* [Your task]: Restate the data below word for word, and let no image into your version.

───── Dataset section

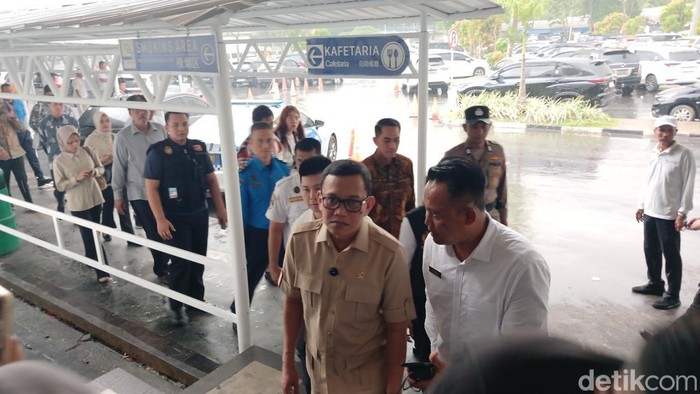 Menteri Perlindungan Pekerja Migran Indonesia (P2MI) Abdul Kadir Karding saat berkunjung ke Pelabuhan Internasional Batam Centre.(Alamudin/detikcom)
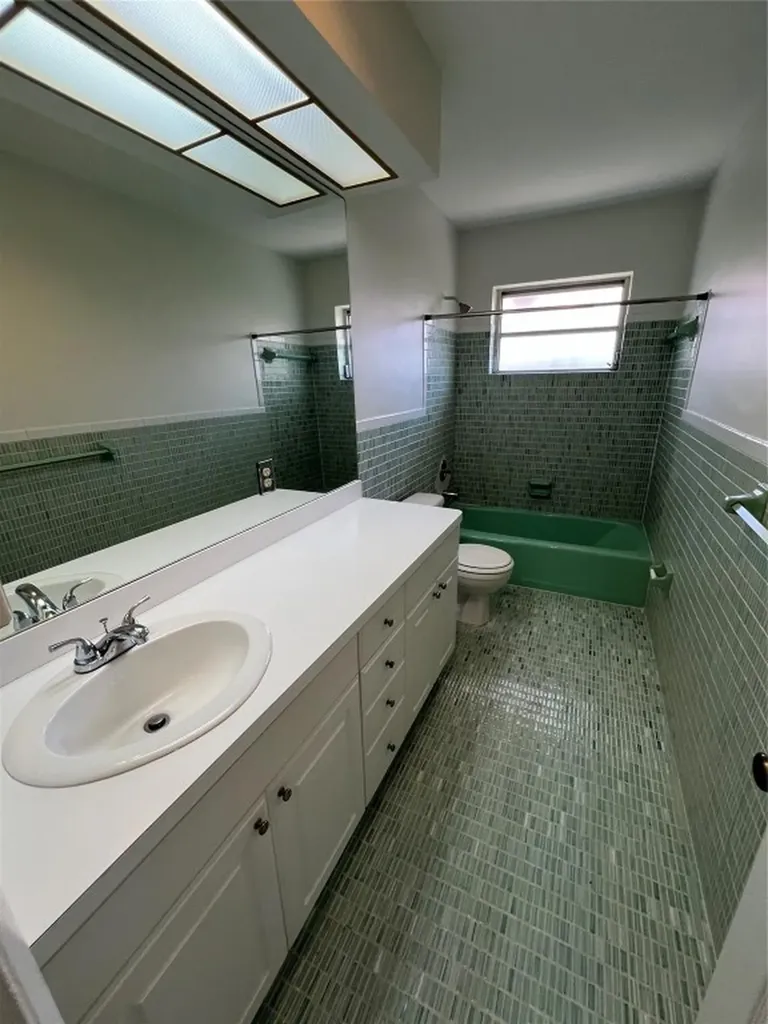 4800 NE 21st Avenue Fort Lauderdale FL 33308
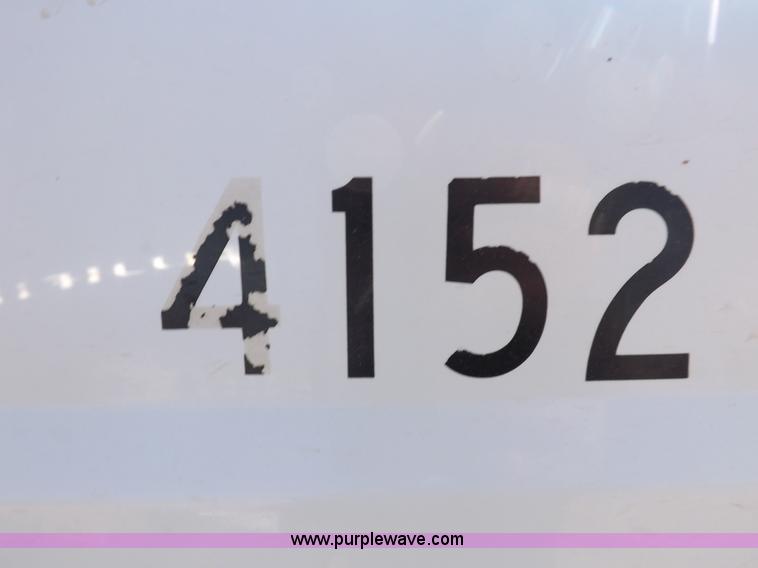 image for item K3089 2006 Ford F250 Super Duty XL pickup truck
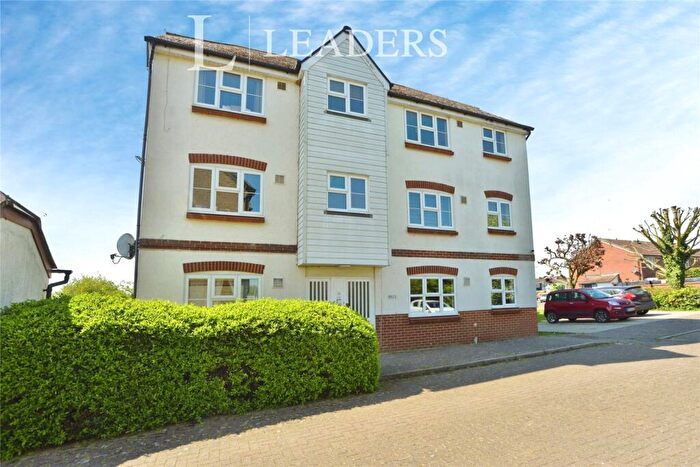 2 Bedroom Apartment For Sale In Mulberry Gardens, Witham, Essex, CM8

──────────

* [Exercise solution]:
 Menteri Perlindungan Pekerja Migran Indonesia (P2MI) Abdul Kadir Karding saat berkunjung ke Pelabuhan Internasional Batam Centre.(Alamudin/detikcom)
 4800 NE 21st Avenue Fort Lauderdale FL 33308
 image for item K3089 2006 Ford F250 Super Duty XL pickup truck
 2 Bedroom Apartment For Sale In Mulberry Gardens, Witham, Essex, CM8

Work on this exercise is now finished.